### WORK TO BE COMPLETED
Output all of the entries beneath, exactly as written.

### Items from a dataset
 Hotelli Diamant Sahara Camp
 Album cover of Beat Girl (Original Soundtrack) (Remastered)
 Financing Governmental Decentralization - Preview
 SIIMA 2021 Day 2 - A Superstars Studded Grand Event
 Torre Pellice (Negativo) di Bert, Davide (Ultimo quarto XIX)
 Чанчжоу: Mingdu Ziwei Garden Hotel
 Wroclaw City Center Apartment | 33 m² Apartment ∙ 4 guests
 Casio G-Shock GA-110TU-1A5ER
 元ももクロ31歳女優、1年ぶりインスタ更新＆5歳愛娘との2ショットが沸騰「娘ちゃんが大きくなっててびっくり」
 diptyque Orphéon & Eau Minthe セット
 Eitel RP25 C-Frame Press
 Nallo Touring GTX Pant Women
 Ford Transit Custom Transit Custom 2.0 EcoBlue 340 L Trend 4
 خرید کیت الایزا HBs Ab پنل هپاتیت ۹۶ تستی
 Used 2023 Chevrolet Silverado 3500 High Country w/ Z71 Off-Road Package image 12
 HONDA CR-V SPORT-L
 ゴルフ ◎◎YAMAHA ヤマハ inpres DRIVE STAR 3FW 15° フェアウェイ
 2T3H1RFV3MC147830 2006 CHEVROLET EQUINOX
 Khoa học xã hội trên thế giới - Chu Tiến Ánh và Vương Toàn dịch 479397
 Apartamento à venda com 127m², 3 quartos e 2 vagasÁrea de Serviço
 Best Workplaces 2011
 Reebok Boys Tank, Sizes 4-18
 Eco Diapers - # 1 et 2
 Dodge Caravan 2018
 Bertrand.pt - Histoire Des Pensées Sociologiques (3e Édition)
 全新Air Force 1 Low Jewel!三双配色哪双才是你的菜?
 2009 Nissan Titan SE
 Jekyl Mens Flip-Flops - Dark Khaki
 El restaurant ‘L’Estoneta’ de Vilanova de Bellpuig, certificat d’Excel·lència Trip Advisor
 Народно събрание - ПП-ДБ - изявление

### REPLY TO THE TASK
 Hotelli Diamant Sahara Camp
 Album cover of Beat Girl (Original Soundtrack) (Remastered)
 Financing Governmental Decentralization - Preview
 SIIMA 2021 Day 2 - A Superstars Studded Grand Event
 Torre Pellice (Negativo) di Bert, Davide (Ultimo quarto XIX)
 Чанчжоу: Mingdu Ziwei Garden Hotel
 Wroclaw City Center Apartment | 33 m² Apartment ∙ 4 guests
 Casio G-Shock GA-110TU-1A5ER
 元ももクロ31歳女優、1年ぶりインスタ更新＆5歳愛娘との2ショットが沸騰「娘ちゃんが大きくなっててびっくり」
 diptyque Orphéon & Eau Minthe セット
 Eitel RP25 C-Frame Press
 Nallo Touring GTX Pant Women
 Ford Transit Custom Transit Custom 2.0 EcoBlue 340 L Trend 4
 خرید کیت الایزا HBs Ab پنل هپاتیت ۹۶ تستی
 Used 2023 Chevrolet Silverado 3500 High Country w/ Z71 Off-Road Package image 12
 HONDA CR-V SPORT-L
 ゴルフ ◎◎YAMAHA ヤマハ inpres DRIVE STAR 3FW 15° フェアウェイ
 2T3H1RFV3MC147830 2006 CHEVROLET EQUINOX
 Khoa học xã hội trên thế giới - Chu Tiến Ánh và Vương Toàn dịch 479397
 Apartamento à venda com 127m², 3 quartos e 2 vagasÁrea de Serviço
 Best Workplaces 2011
 Reebok Boys Tank, Sizes 4-18
 Eco Diapers - # 1 et 2
 Dodge Caravan 2018
 Bertrand.pt - Histoire Des Pensées Sociologiques (3e Édition)
 全新Air Force 1 Low Jewel!三双配色哪双才是你的菜?
 2009 Nissan Titan SE
 Jekyl Mens Flip-Flops - Dark Khaki
 El restaurant ‘L’Estoneta’ de Vilanova de Bellpuig, certificat d’Excel·lència Trip Advisor
 Народно събрание - ПП-ДБ - изявление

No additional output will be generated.